_ASSIGNED TASK:_ Keep images out and repeat all data exactly.

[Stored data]
<<<<

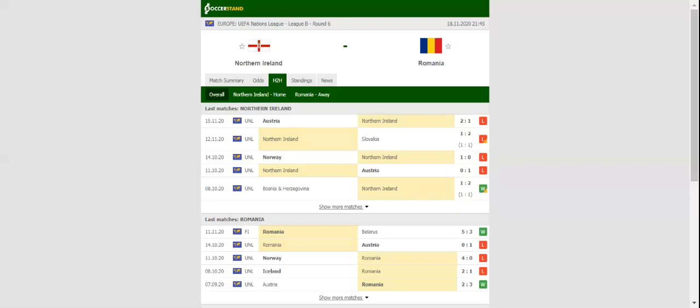Several first-team regulars, including Johnny Evans, returned to the starting lineup. Romania, on the other hand, were not in action at the weekend as their game against Norway was postponed.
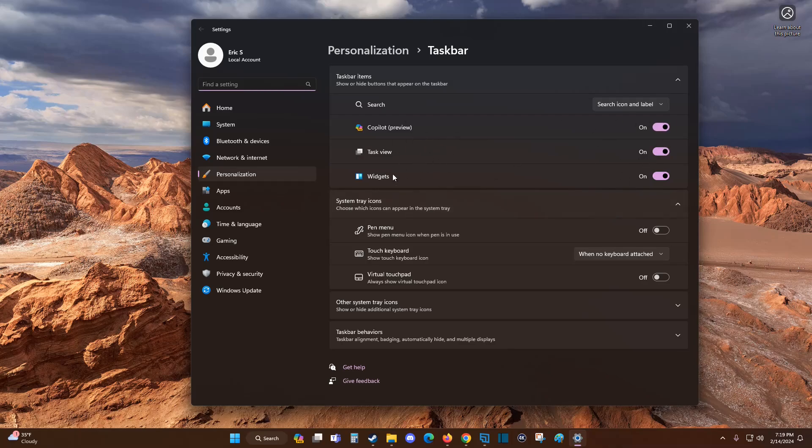So I hope this video was helpful walking you through the step-by-step process on how to get rid of Team Chat on the taskbar in your Windows computer. I appreciate you guys stopping by, consider subscribing to the YouTube channel, and I'll see you back here next time.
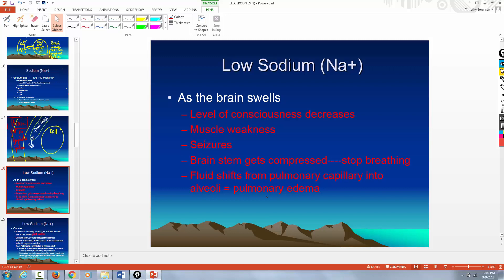This is not to be messed with. What you worry about is when somebody suffers a low sodium level acutely — meaning it happened over a short period of time. The body can make adjustments if the sodium level decreases over a prolonged period of time. So it's acute loss of sodium that is most concerning.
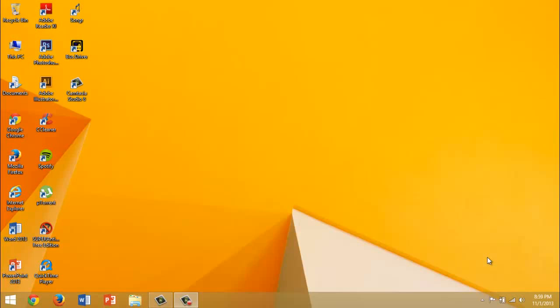Hello, this is Lung Wai and today I will show you how to speed up your computer. Now these steps are for Windows XP, Vista, 7, and 8. For XP it's a little different but I will show you how.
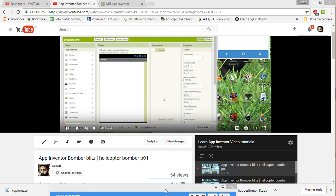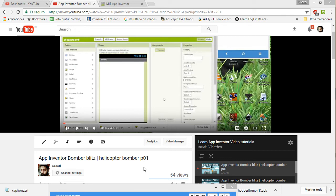The results of tutorial number two for this helicopter bomber game, or Bomber Blitz, made in App Inventor. But before that, remember that I just published part number one, which is in here, and it's very interesting because it shows how to make the buildings for this game.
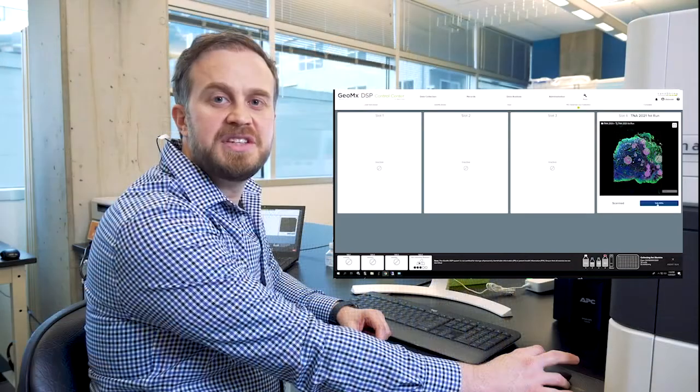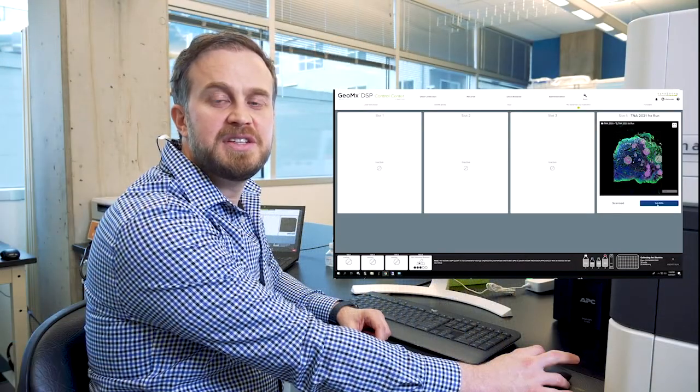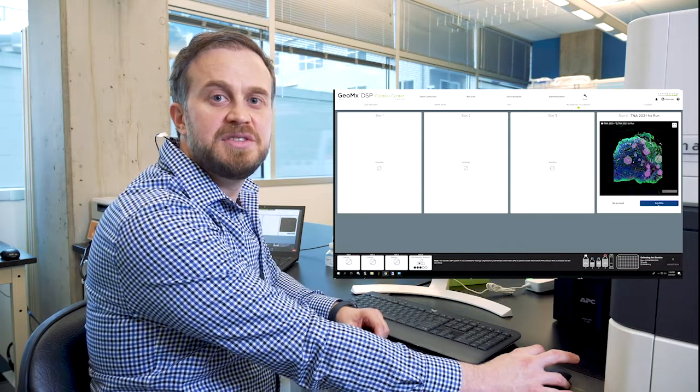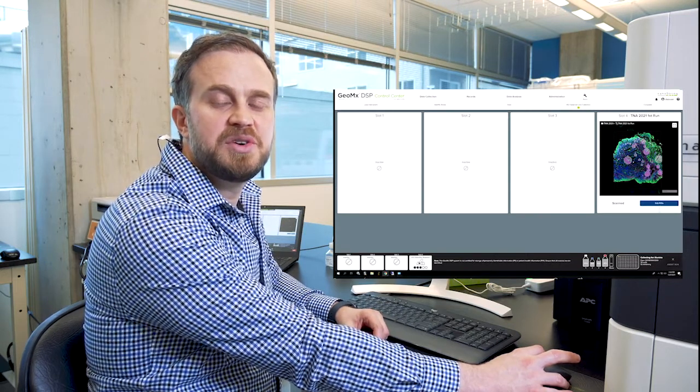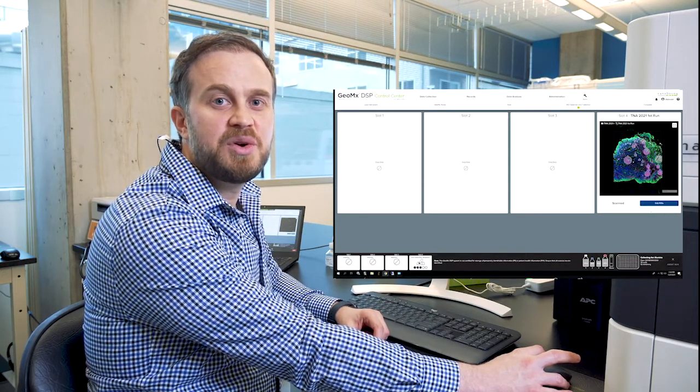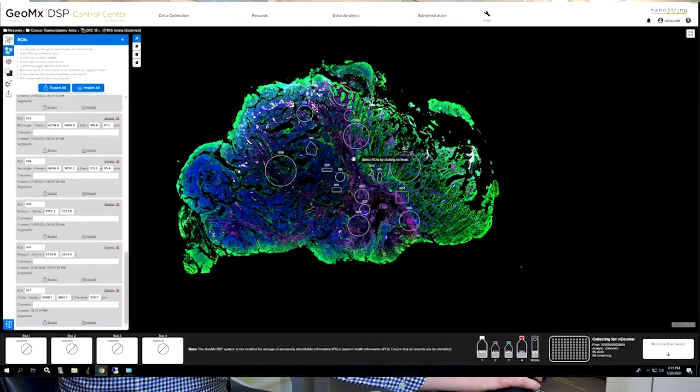Welcome back to the CX Lab experience. During this session, we will cover ROI selection and segmentation on Geomix DSP. A fluorescent image with up to four colors is generated to enable selection of region of interest or ROI on the tissue.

>>>>

_REPLY TO THE EXERCISE:_
Several first-team regulars, including Johnny Evans, returned to the starting lineup. Romania, on the other hand, were not in action at the weekend as their game against Norway was postponed.
So I hope this video was helpful walking you through the step-by-step process on how to get rid of Team Chat on the taskbar in your Windows computer. I appreciate you guys stopping by, consider subscribing to the YouTube channel, and I'll see you back here next time.
This is not to be messed with. What you worry about is when somebody suffers a low sodium level acutely — meaning it happened over a short period of time. The body can make adjustments if the sodium level decreases over a prolonged period of time. So it's acute loss of sodium that is most concerning.
Hello, this is Lung Wai and today I will show you how to speed up your computer. Now these steps are for Windows XP, Vista, 7, and 8. For XP it's a little different but I will show you how.
The results of tutorial number two for this helicopter bomber game, or Bomber Blitz, made in App Inventor. But before that, remember that I just published part number one, which is in here, and it's very interesting because it shows how to make the buildings for this game.
Welcome back to the CX Lab experience. During this session, we will cover ROI selection and segmentation on Geomix DSP. A fluorescent image with up to four colors is generated to enable selection of region of interest or ROI on the tissue.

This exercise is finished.